== Work request ==
Should the listing contain images, exclude them; give the rest again exactly.

Dataset excerpt START

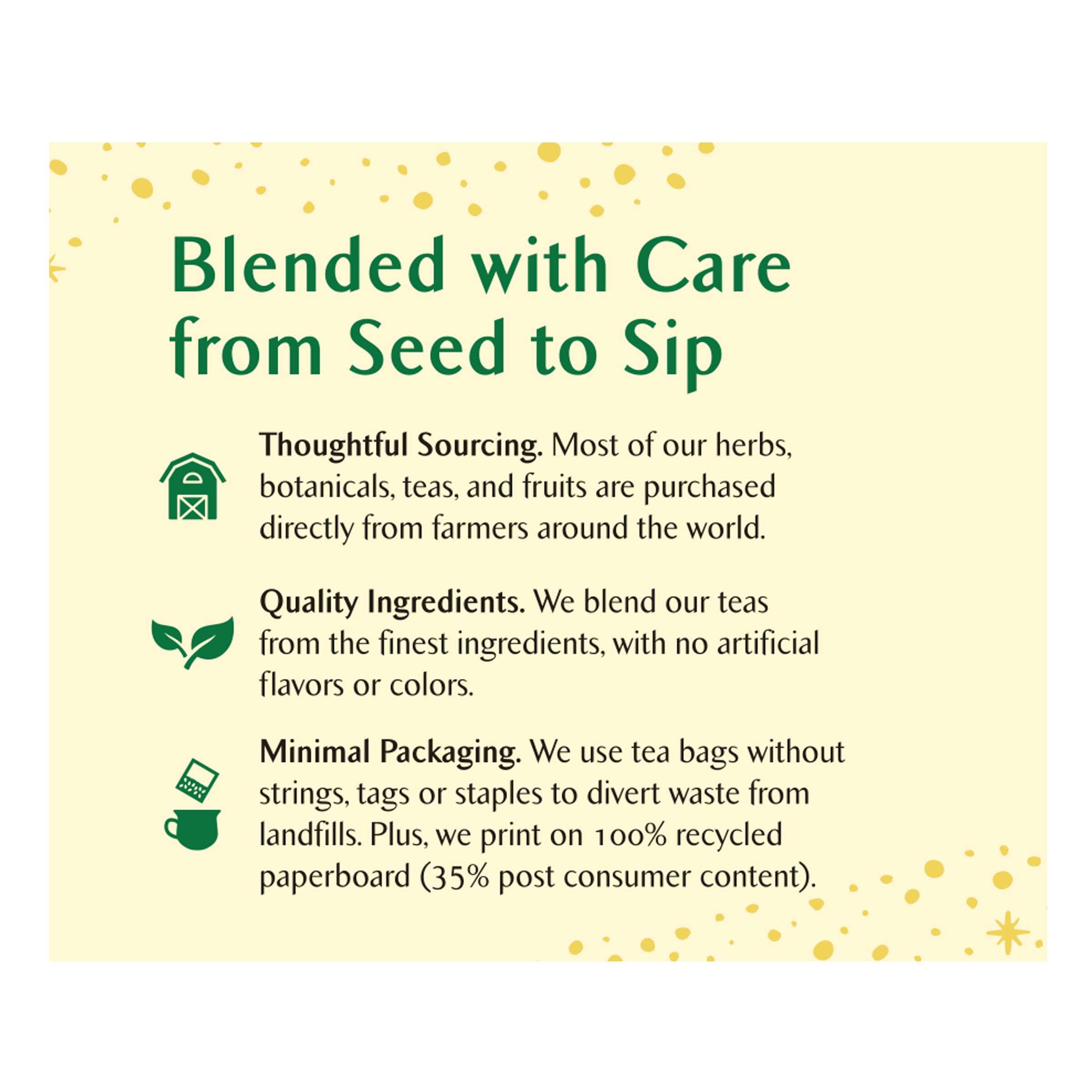 Celestial Seasonings Decaf Green Tea Antioxidants, natural green tea goodness.
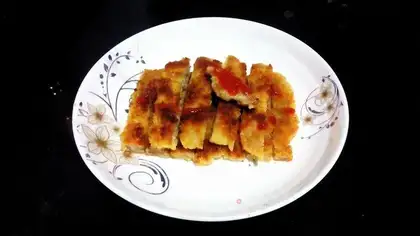 Fried pork chops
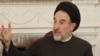 خاتمی: جریان حذف کننده در مقابل رهبری و نظام هم خواهد ایستاد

Dataset excerpt END

== Response to the task ==
 Celestial Seasonings Decaf Green Tea Antioxidants, natural green tea goodness.
 Fried pork chops
 خاتمی: جریان حذف کننده در مقابل رهبری و نظام هم خواهد ایستاد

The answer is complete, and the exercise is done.